Copy out the data that comes next, character for character, and leave the images aside.

> **INFORMATION SHOWN**
○ ○ ○
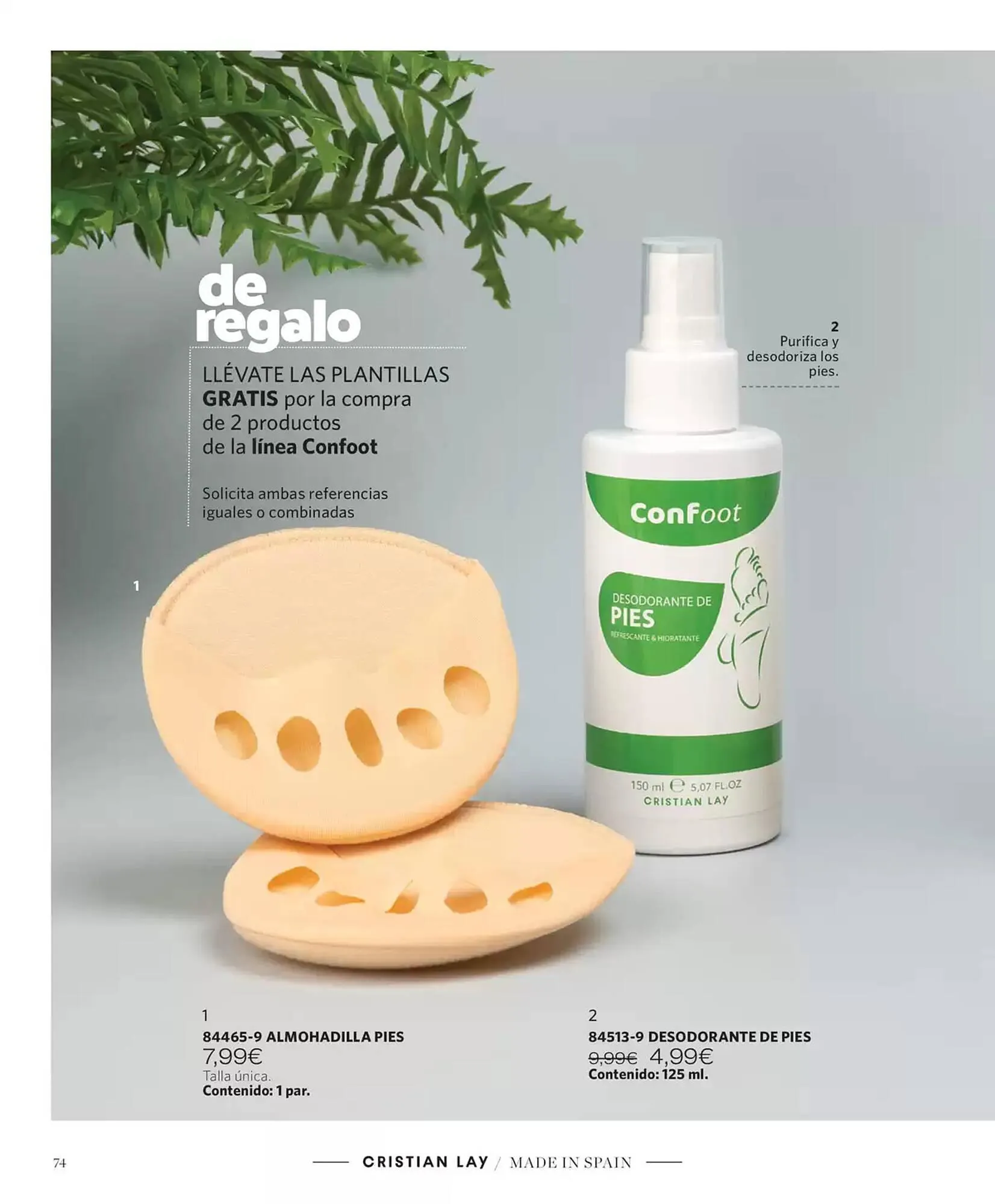 Catálogo de Folleto Cristian Lay 5 de mayo al 31 de mayo 2025 - Página 74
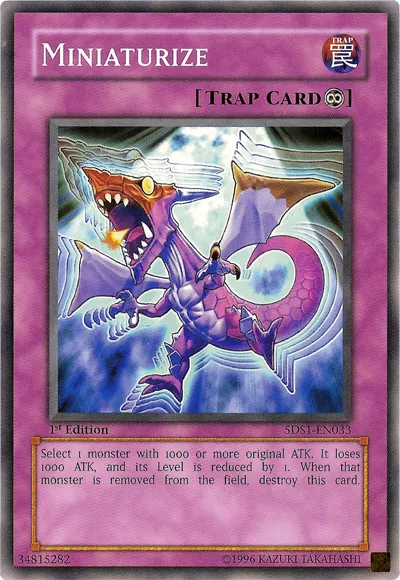 Miniaturize — Starter Deck: Yu-Gi-Oh! 5D's — Yu-Gi-Oh!
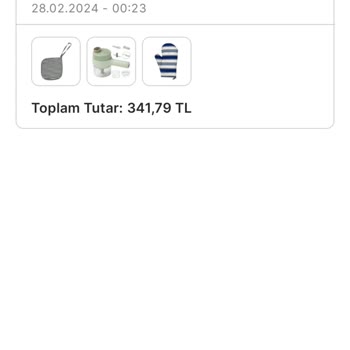 Migros İade Edilmeyen Ürün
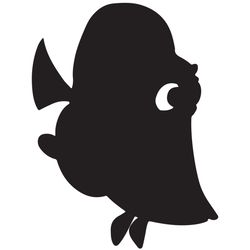 finding nemo silhouette svg, finding dory svg, dory svg, finding dory svg, nemo characters svg, disney svg, cut file-13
○ ○ ○
> **REPLY**
 Catálogo de Folleto Cristian Lay 5 de mayo al 31 de mayo 2025 - Página 74
 Miniaturize — Starter Deck: Yu-Gi-Oh! 5D's — Yu-Gi-Oh!
 Migros İade Edilmeyen Ürün
 finding nemo silhouette svg, finding dory svg, dory svg, finding dory svg, nemo characters svg, disney svg, cut file-13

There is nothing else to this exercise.